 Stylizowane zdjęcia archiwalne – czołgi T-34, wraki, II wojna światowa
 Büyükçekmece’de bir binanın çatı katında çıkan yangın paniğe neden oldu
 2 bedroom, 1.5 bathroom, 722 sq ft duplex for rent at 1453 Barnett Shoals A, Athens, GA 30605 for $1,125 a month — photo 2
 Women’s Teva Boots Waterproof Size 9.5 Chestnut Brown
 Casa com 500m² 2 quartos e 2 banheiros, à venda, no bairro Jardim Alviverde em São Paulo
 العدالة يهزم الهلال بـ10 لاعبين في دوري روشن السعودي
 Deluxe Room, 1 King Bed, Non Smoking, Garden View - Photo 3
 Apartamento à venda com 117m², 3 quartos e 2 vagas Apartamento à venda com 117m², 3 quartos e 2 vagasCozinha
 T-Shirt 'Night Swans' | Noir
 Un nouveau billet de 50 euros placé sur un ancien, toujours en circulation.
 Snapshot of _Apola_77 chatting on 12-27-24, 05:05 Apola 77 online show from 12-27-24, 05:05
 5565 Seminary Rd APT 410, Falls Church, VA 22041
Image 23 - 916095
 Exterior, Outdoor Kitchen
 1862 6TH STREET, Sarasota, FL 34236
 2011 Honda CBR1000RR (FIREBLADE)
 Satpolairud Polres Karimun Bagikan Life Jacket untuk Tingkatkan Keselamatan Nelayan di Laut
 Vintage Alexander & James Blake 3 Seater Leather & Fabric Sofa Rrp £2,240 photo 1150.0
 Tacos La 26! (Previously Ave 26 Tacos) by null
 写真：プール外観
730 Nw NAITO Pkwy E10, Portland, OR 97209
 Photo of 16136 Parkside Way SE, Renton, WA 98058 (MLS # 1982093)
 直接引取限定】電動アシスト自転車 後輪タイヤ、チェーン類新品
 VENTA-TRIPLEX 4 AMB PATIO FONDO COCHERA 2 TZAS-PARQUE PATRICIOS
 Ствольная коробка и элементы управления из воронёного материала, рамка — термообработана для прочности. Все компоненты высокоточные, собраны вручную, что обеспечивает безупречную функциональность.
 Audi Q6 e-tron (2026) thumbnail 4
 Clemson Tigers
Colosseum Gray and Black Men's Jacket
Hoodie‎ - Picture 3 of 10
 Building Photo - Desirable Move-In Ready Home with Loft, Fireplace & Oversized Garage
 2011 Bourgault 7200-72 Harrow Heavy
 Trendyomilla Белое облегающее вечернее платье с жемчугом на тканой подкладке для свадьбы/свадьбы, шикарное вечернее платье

HOW TO COMPLETE THIS TASK:
Set down, exactly as they appear above, all lines from the one that has "Satpolairud Polres Karimun" down to the one that has "730 Nw NAITO Pkwy E10, Portland, OR 97209", including those two and no others.

EXERCISE OUTPUT:
 Satpolairud Polres Karimun Bagikan Life Jacket untuk Tingkatkan Keselamatan Nelayan di Laut
 Vintage Alexander & James Blake 3 Seater Leather & Fabric Sofa Rrp £2,240 photo 1150.0
 Tacos La 26! (Previously Ave 26 Tacos) by null
 写真：プール外観
730 Nw NAITO Pkwy E10, Portland, OR 97209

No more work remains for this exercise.